Comments (13)
That does the trick. It appears the default value is a batch size around 100. I made that 50 and now it is training without memory issues. Thanks!
from digits.
After I changed the batch size but I also met the same issue. And then I changed the mode from GPU to CPU, it did work. The problem of my issue is my computer can't store the parameter of my net.
from digits.
Thanks! Will first try tiling the data set to smaller fovs.
from digits.
Hi, @nullterminated. The standard models were designed to fit on GPUs with 4GB of memory or more - that is why you're running out of memory. If you decrease the batch size, you should be able to run just about any network you want with 3GB of GPU memory. It will just take a bit longer.
from digits.
I've added a feature that should help avoid these issues in the future. I'm going to go ahead and close this issue in faith that changing the batch size will fix your problem for you for the present. Please re-open it if you still have an issue here.
from digits.
Same problem...
Set the batch size to 1 manually but it didn't work.
Are there any other solutions?
Hardware
Tesla K80 (#0)
Memory
7.56 GB / 11.2 GB (67.2%)
GPU Utilization
98%
Temperature
41 °C
Process #159052
CPU Utilization
113.0%
Memory
1.4 GB (0.6%)
from the output.log:
I1110 10:41:47.261068 158591 net.cpp:761] Ignoring source layer upscore_21classes
I1110 10:41:47.261715 158591 caffe.cpp:251] Starting Optimization
I1110 10:41:47.261730 158591 solver.cpp:279] Solving
I1110 10:41:47.261734 158591 solver.cpp:280] Learning Rate Policy: step
I1110 10:41:47.263772 158591 solver.cpp:337] Iteration 0, Testing net (#0)
I1110 10:41:55.251052 158591 solver.cpp:404] Test net output #0: accuracy = 0
I1110 10:41:55.251092 158591 solver.cpp:404] Test net output #1: loss = 3.04452 (* 1 = 3.04452 loss)
I1110 10:41:55.762611 158591 solver.cpp:228] Iteration 0, loss = 3.04452
I1110 10:41:55.762641 158591 solver.cpp:244] Train net output #0: loss = 3.04452 (* 1 = 3.04452 loss)
I1110 10:41:55.762686 158591 sgd_solver.cpp:106] Iteration 0, lr = 0.0001
I1110 10:42:03.353044 158591 solver.cpp:228] Iteration 4, loss = 2.76947
I1110 10:42:03.353076 158591 solver.cpp:244] Train net output #0: loss = 2.76947 (* 1 = 2.76947 loss)

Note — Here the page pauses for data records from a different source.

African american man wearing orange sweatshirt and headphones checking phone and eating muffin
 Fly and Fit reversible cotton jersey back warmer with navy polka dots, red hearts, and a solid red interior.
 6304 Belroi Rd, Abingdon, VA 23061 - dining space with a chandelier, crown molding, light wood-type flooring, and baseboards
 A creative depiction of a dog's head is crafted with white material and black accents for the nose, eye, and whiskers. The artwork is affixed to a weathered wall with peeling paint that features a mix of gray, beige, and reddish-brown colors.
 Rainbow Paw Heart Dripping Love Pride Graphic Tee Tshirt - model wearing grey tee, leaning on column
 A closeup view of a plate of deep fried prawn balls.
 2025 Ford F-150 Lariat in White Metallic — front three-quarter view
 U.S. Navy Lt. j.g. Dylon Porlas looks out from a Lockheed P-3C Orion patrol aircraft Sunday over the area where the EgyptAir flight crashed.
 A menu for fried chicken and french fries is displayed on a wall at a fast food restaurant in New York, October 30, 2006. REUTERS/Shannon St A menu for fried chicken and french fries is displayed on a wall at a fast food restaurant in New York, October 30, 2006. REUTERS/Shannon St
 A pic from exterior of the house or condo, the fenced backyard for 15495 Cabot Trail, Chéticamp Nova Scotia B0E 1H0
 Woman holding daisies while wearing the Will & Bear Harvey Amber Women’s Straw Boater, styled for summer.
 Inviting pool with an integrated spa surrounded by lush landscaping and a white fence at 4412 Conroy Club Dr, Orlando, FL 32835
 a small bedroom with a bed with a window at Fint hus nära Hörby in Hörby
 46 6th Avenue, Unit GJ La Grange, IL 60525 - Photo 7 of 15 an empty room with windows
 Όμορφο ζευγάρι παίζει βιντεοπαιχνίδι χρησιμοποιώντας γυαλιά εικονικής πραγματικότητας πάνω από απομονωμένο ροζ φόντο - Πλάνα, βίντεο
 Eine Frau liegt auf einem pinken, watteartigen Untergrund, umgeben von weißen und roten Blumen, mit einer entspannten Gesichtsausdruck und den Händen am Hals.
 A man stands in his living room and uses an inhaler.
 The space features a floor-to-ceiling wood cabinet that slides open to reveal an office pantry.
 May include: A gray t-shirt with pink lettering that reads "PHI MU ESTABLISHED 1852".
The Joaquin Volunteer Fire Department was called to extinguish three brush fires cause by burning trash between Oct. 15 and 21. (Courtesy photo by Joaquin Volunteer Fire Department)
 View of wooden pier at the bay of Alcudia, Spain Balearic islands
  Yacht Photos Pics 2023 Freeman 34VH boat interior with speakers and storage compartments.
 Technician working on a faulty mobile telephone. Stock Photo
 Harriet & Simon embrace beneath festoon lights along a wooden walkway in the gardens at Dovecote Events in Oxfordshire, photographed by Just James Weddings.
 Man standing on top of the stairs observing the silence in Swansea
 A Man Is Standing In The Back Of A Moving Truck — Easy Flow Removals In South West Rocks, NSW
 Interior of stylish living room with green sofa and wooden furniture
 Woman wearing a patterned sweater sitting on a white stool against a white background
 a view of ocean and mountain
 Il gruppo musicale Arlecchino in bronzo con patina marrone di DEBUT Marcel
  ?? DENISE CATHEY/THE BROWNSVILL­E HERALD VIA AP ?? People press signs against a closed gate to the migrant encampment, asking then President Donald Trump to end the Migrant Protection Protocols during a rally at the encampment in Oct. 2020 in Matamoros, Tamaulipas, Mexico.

I1110 10:42:03.353085 158591 sgd_solver.cpp:106] Iteration 4, lr = 0.0001
I1110 10:42:08.067147 158591 solver.cpp:228] Iteration 8, loss = 2.11253
I1110 10:42:08.067178 158591 solver.cpp:244] Train net output #0: loss = 2.11253 (* 1 = 2.11253 loss)
I1110 10:42:08.067185 158591 sgd_solver.cpp:106] Iteration 8, lr = 0.0001
I1110 10:42:13.411054 158591 solver.cpp:228] Iteration 12, loss = 1.45452
I1110 10:42:13.411083 158591 solver.cpp:244] Train net output #0: loss = 1.45452 (* 1 = 1.45452 loss)
I1110 10:42:13.411092 158591 sgd_solver.cpp:106] Iteration 12, lr = 0.0001
F1110 10:42:19.409853 158591 syncedmem.cpp:56] Check failed: error == cudaSuccess (2 vs. 0) out of memory
*** Check failure stack trace: ***
@ 0x7ffff1b519fd google::LogMessage::Fail()
@ 0x7ffff1b537cc google::LogMessage::SendToLog()
@ 0x7ffff1b515ec google::LogMessage::Flush()
@ 0x7ffff1b540de google::LogMessageFatal::~LogMessageFatal()
@ 0x7ffff742b821 caffe::SyncedMemory::to_gpu()
@ 0x7ffff742ab89 caffe::SyncedMemory::mutable_gpu_data()
@ 0x7ffff72a6642 caffe::Blob<>::mutable_gpu_data()
@ 0x7ffff7409926 caffe::BaseConvolutionLayer<>::backward_gpu_gemm()
@ 0x7ffff745c27b caffe::DeconvolutionLayer<>::Forward_gpu()
@ 0x7ffff73070f5 caffe::Net<>::ForwardFromTo()
@ 0x7ffff7307467 caffe::Net<>::Forward()
@ 0x7ffff741f737 caffe::Solver<>::Step()
@ 0x7ffff741fff9 caffe::Solver<>::Solve()
@ 0x40a47b train()
@ 0x40752c main
@ 0x7fffe9ec1b15 __libc_start_main
@ 0x407d9d (unknown)
from digits.
What is your input image size?
from digits.
The biggest one is 20.5mb (3008x3952).
I'm using variable sizes.
from digits.
Those are pretty large images and fully convolutional networks are quite memory hungry. Note that if you are using images of variable sizes, you need to set the batch size to 1 anyway (this is already set in FCN-Alexnet from the semantic segmentation example).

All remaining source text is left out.